Act One: Preparation

  1. The satellite's approximate position is calculated from orbital elements and a mathematical orbital model.
  2. The tracking computers have their clock set precisely from a GPS receiver.
  3. The tracking computers align the antennas to point to the location at which the satellite will appear over the horizon.
  4. The reception computer calculates parameters based on the predicted orbit and prepares for reception by plotting grid overlays etc.

Act Two: Reception

  1. When the satellite comes into view the tape recorder computers start the tape recorders and the reception computer starts receiving data.
  2. As the satellite progresses the tracking computers lock onto the position of the satellite and keep the antenna pointing in the correct direction.
  3. The signal is received and decoded then ingested into the reception computer.
  4. The data is displayed in real-time and transferred to the satellite station's file server computer. The image is scaled down to generate quicklooks.
  5. Reception is terminated when the satellite disappears over the horizon, rather than when the signal is lost. This ensures that, should an object such as a tall tree momentarily block the view, the computers keep tracking the satellite ready for when it reappears.

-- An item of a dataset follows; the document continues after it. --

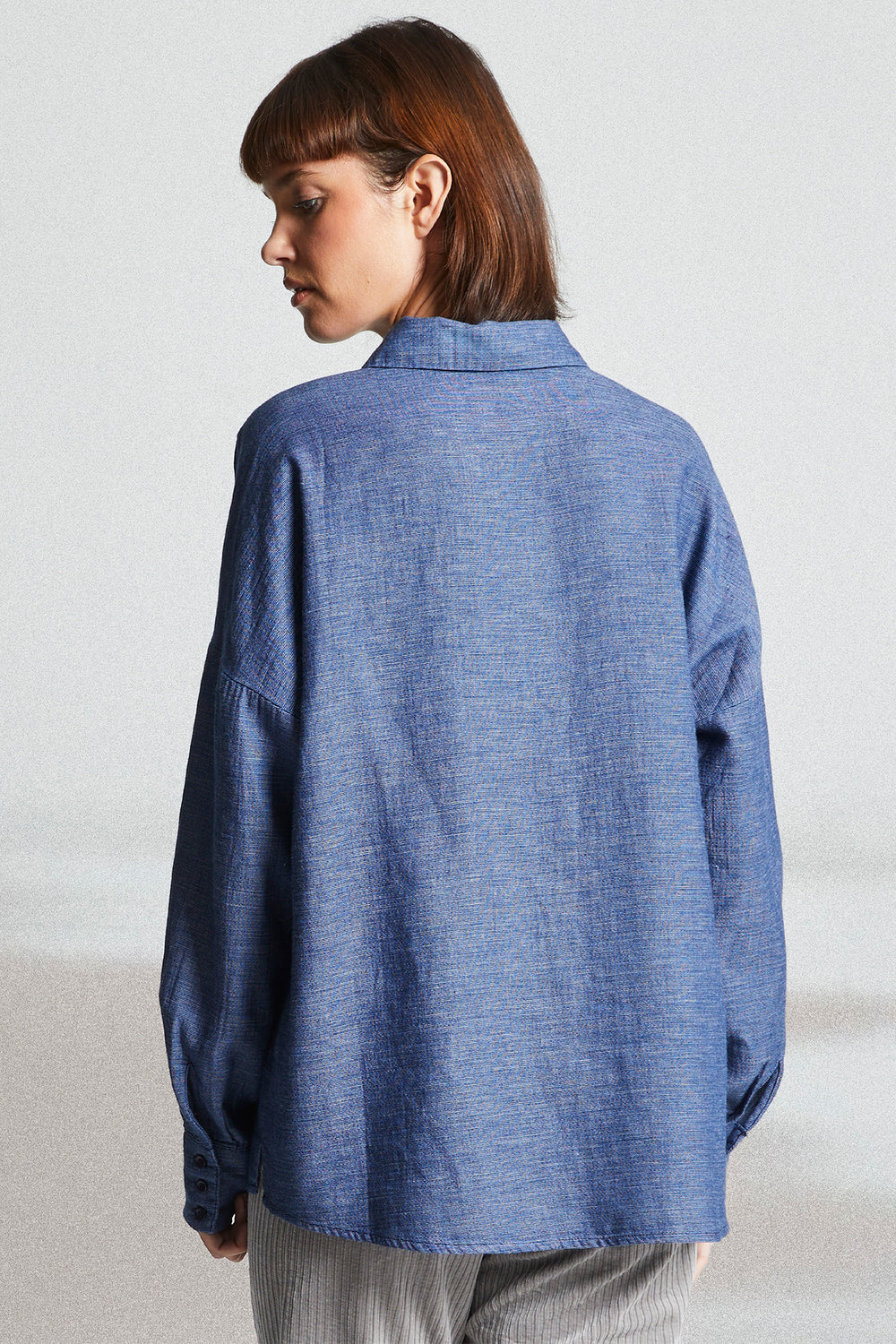 Person wearing a blue textured shirt against a plain background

Act Three: Post-processing

  1. The tracking computer updates the orbital model now that the exact position of the satellite is known, making prediction of the next pass more accurate. The information is also used to plot coastlines as accurately as possible.
  2. The quicklooks are put in the archive and the pass database is updated.
  3. Customers' jobs are automatically processed with the new data.
  4. Hard-copy quicklooks are printed and photographs or processed enlargements are produced for customers.